Early October meant Mother and Father had to prepare for the coming winter.  We were expected to help of course, so my brother and I were in the back of the cart when we rode into town.

I was excited.  Only ten years old, I always loved going on trips to town, even if it were just to purchase some goods at the general store.  Sometimes Father or Mother would buy candy, sometimes not.  With Grandfather back at the homestead, it was a rare treat I'd enjoy because I got to see things I normally could not.

Our homestead was too far away for regular visits to town, which now I feel my parents rather enjoyed.  They didn't like people.  Or having to deal with them, and the little homestead suited that need quite well.

We arrived in town, and none of us spoke.  We took in the sight of the little Eastern Montana town, which to us was a big city back then.

"What is going?"  Mother asked.  I didn't hear her at first, my attention focused at seeing all the people.  My blood rushed, my ears barely paying any attention to Mother or Father.

We rounded about a corner.  Father slowed down, and he started to glance at all the people on rooftops.  They were staring off in some direction, the same direction we were going.

"I don't know," Father said.  He sounded confused.  "What are they looking at?"

"Thunder!" I said, leaping up to my parent's seat.  "I just heard thunder!  Its going to be storm, isn't?  But What happened to all the clouds?"

Then we turned onto the main street, and we saw why people were staring.  Like scared sheep or deer, they all froze at the sight of something they should've known better than stay close to.  Frozen in fear, not quite sure what to do next.

But what we saw lasted for an instance compared to them.  My first sight of a giant was that of its fist crashing down and tearing apart the cart my family and I were riding in.  I screamed.  I felt wet.  There were splinters.
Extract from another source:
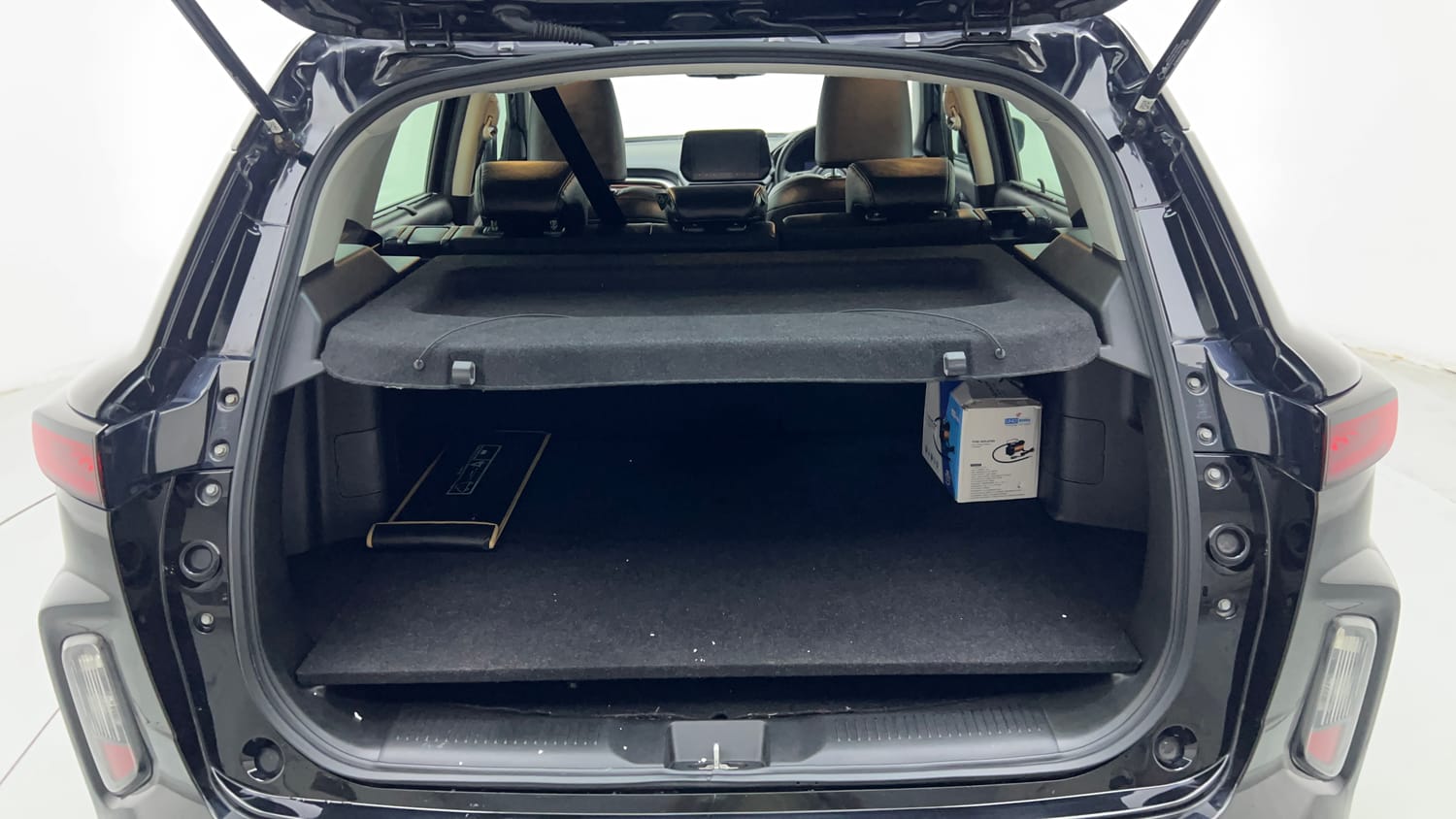Used 2025 Toyota Urban Cruiser Hyryder V Hybrid Hybrid Automatic interior DICKY INSIDE VIEW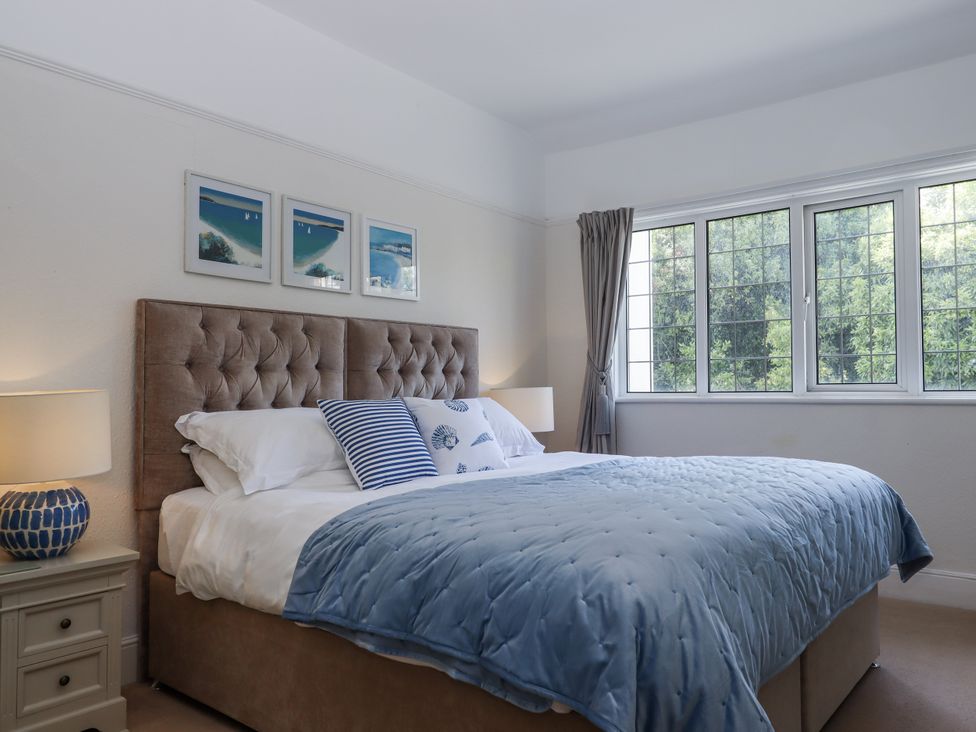 A bedroom with a bed and bedside lamps at Kinbrae Apartment in Torquay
My skin then felt so very dry and cold.  I don't remember if there was pain.  Perhaps youthful vigor gave me endurance.  I didn't cry at the splinters or the scapes or blood.  No.  I cried and cried when I opened my eyes to see my mother's chest and head lifted into the sky.  A giant's fist curled around her chest, taking it high into the air.  Her dead legs were still on the ground, her intestines and the stench all around me.

Dead women don't scream, and my mother corpse didn't say a word.